The Gothenburg Court of Appeals concluded that Google deleted the requested search results without undue delay under Article 17 GDPR. This was because the original request to be forgotten did not include the URL to the specific part of the thread where the data subject's name was mentioned. The data subject later provided the specific URL, and Google deleted that search result.

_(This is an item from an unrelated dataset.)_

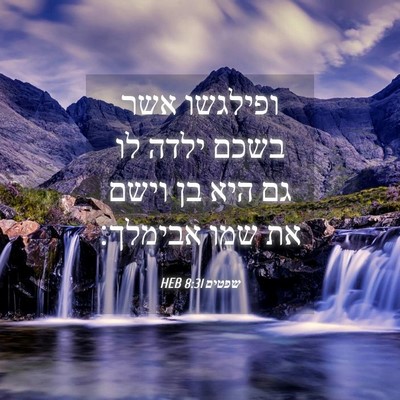 Picture 04 - שפטים 8:31 HEB - ופילגשו אשר בשכם ילדה לו גם - Bible Verse Picture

Googles practice of informing webmasters
The Gothenburg Court of Appeal upheld the FiS decision that Google's decision to tell webmasters of the removal of search results was in breach had no legal basis in any event and was in breach of Article 5(1)(a) GDPR, Article 5(1)(b) GDPR and Article 6 GDPR. The Gothenburg Court of Appeals found that Google had systematically ignored the Article 29 Working Party's guidelines in this case over an extended period of time. Although the guidelines are guidance, the Gothenburg Court of Appeal pointed out that the Article 29 Working Party's mandate is to ensure that the European Union's data protection rules are applied consistently in all Member States. Therefore, the Gothenburg Court of Appeal also upheld the fine of € 4.8 million (SEK 50 million) imposed by FiS.
Comment
The entire decision is unfortunately not published on the the website of the The Gothenburg Court of Appeal. To get the decision one has to go to the press release: https://www.domstol.se/nyheter/2021/11/googles-rutin-strider-mot-gdpr/ and then use a webform (Swedish) to request a copy of the judgement.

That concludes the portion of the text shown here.